Trump's false claim that voting machines erroneously "moved thousands of votes from my account to [Joe] Biden's account" was aired during the committee hearings, which are ongoing this week. Former Attorney General William Barr testified before the committee that he discovered no evidence to support Trump's assertions. Video footage of the hearings is available on YouTube.

The platform, however, has very strict rules against spreading election misinformation, which prohibit users from posting videos that observe that a false claim has been made, even if the user does not endorse the claim. 

"Our election integrity policy prohibits content advancing false claims that widespread fraud, errors or glitches changed the outcome of the 2020 U.S. presidential election, if it does not provide sufficient context," Ivy Choi, a spokesperson for YouTube, told The New York Times. "We enforce our policies equally for everyone, and have removed the video uploaded by the Jan. 6 committee channel."

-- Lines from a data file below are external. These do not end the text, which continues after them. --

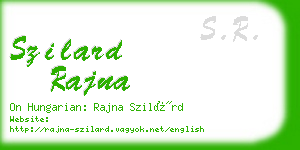 szilard rajna business card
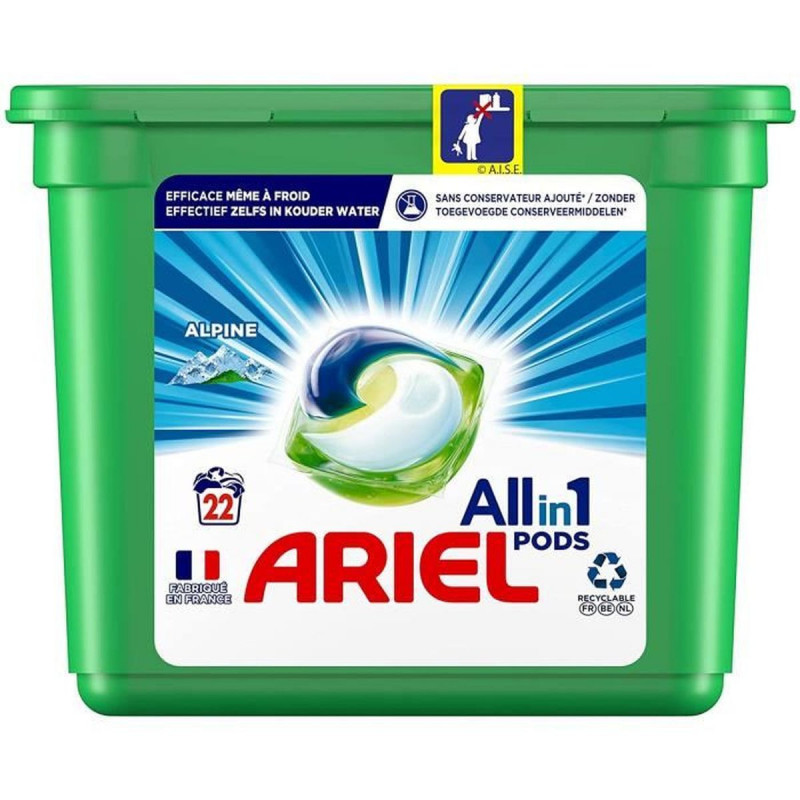 ARIEL - Alpine Lessive Capsules Tout en 1  - sachet de 22 capsules Sonico.fr
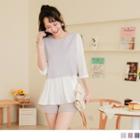 Elbow Sleeve Two Tone Chiffon Peplum Top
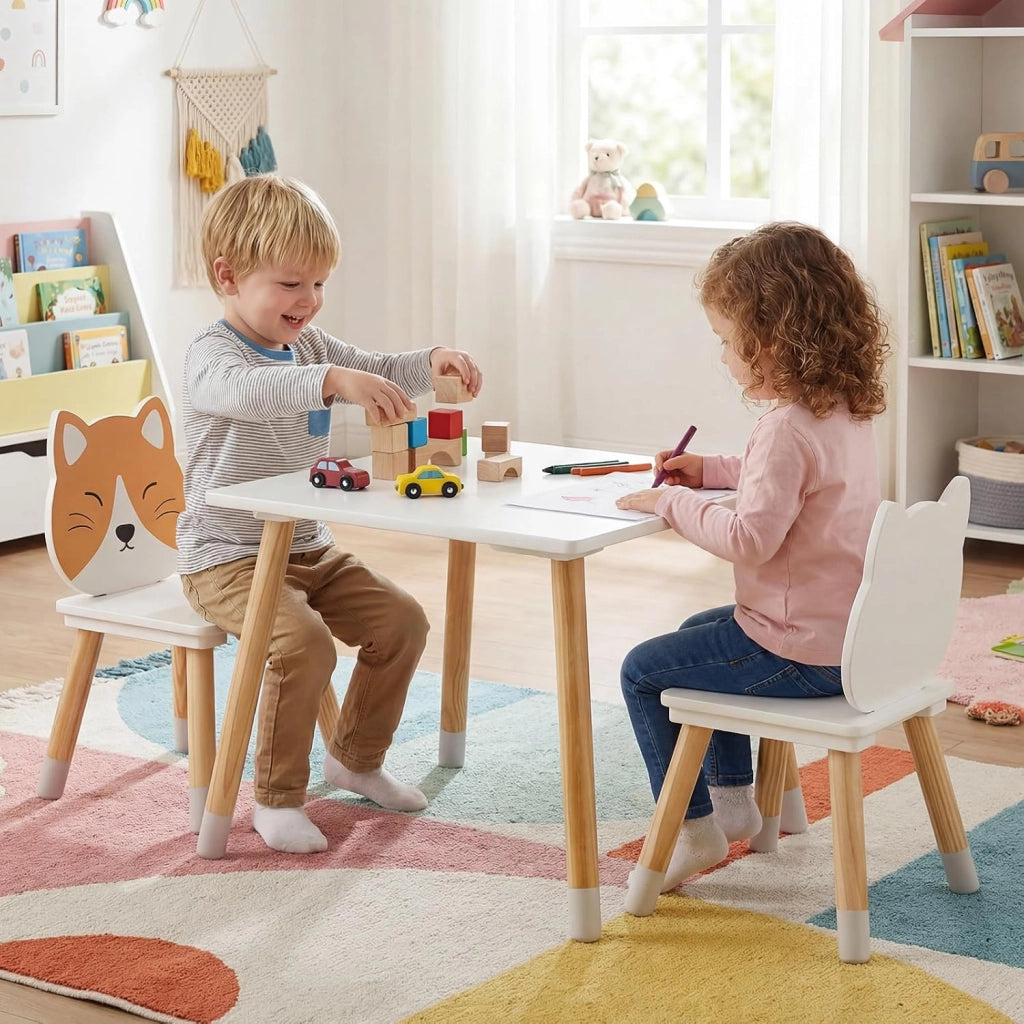 Set Tavolo e Sedie per Bambini 3+ Anni, Set Tavolino e Sedia in Legno a Forma di Gattino, Angoli Arrondati, Sedia Ergonomica con Schienale, Ideale per Giocare, Disegnare e Leggere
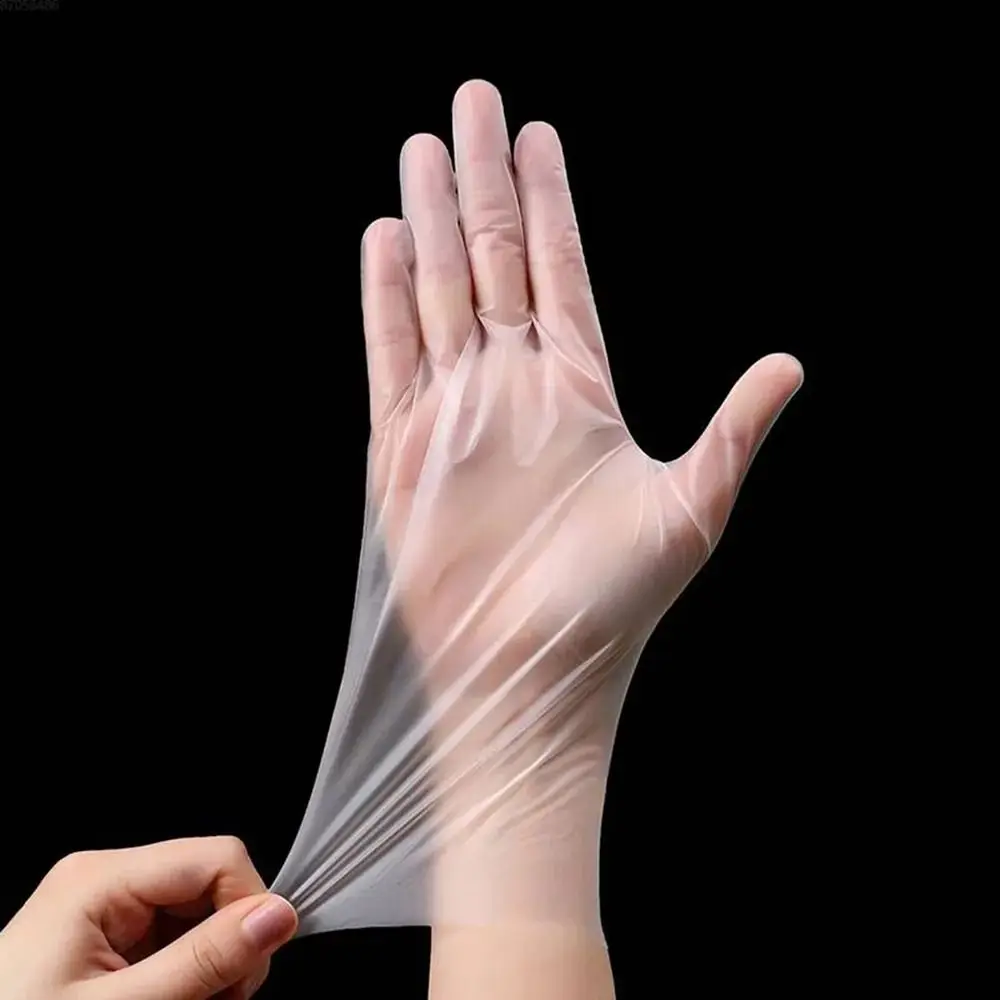 100Pcs Household Acid Work Safety Disposable Gloves Transparent Food Grade Cleaning Gloves TPE Non-Slip Latex Free Gloves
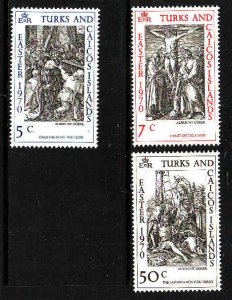 Turks & Caicos-Sc#202-4-unused NH set-Easter-Durer Engravings-1970-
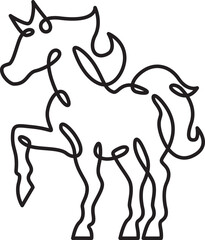 Poster - continuous one line drawing horse.beautiful silhouette of a horse.line isolated minimal logo.line ar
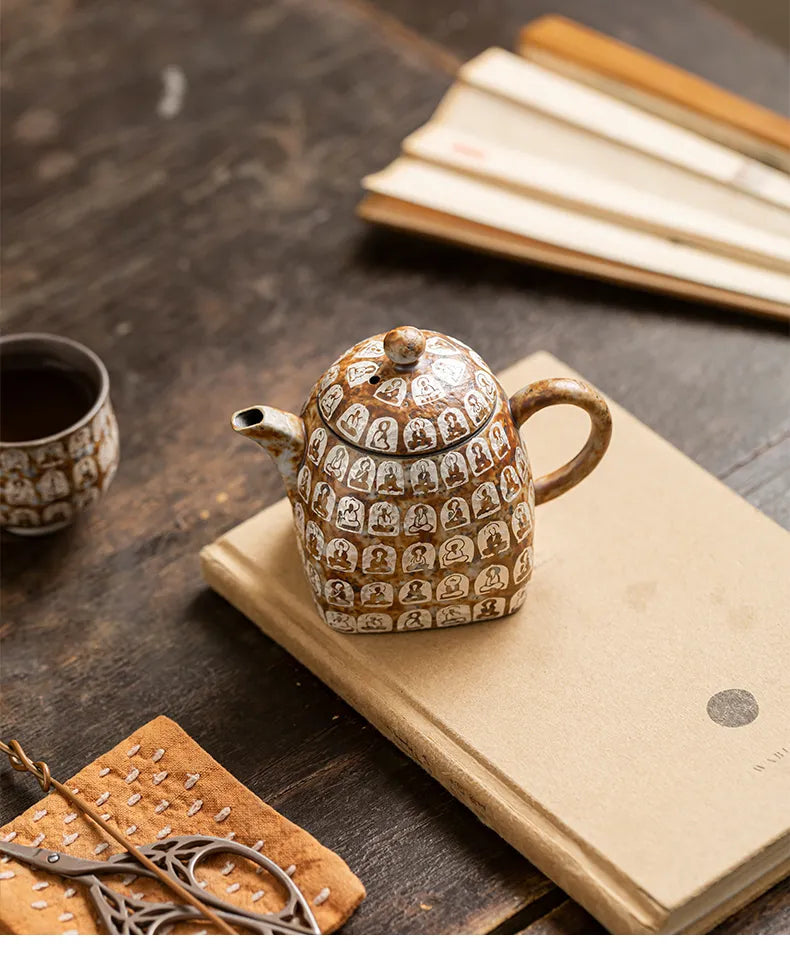 "Ten Thousand Buddhas Square Teapot"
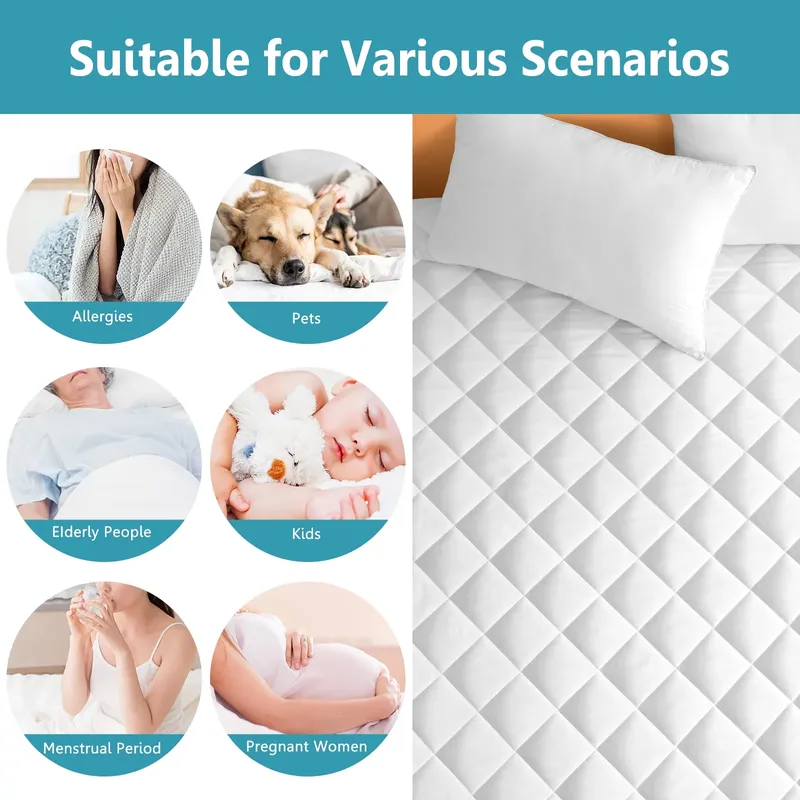 100% Waterproof Fitted Mattress Protector, Deep Pocket Fitted 8" - 21", Breathable & Noiseless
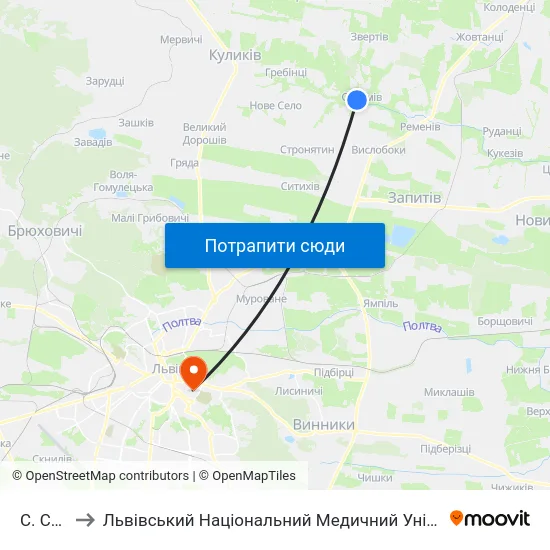 С. Сулимів to Львівський Національний Медичний Університет Імені Данила Галицького map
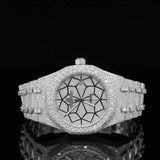 Fully Iced Diamond Watch with Geometric Face – Rose Gold Luxury Watch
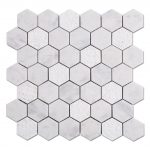 Hexagon Marble Mosaic Tiles Bathroom Flooring-2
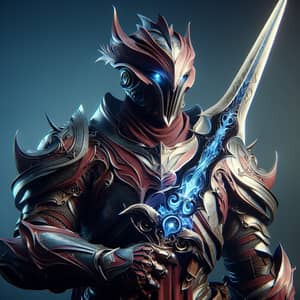 Mystical Armored Warrior with Glowing Blade | Fantasy Art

In essence, YouTube does not distinguish between Trump saying the election was stolen and a third party saying that Trump says the election was stolen. Suffice it to say this is not a very intelligent policy.

It is, however, the exact policy that ensnared Rising, the YouTube show I host for The Hill. In March, YouTube suspended The Hill's channel for violating the election misinformation policy. Our crime? We played a clip of Trump making false statements about the 2020 election. Neither I nor my co-host expressed any agreement with these statements; we simply reported what was said. It was an act of basic journalism, but YouTube said it was akin to promoting a prohibited viewpoint.

What happened to the January 6th Committee video is a powerful example of why this standard is so absurd. When policy makers, content moderators, and members of the media take a broad view of what counts as misinformation and disinformation, they are likely to incidentally forbid valid perspectives—including perspectives that are working to correct misinformation, as was the case here.

YouTube is a private company and can set whatever policies it deems best. But it seems fairly clear that the election misinformation policy is not working as intended; in fact, it is actively undermining good journalism.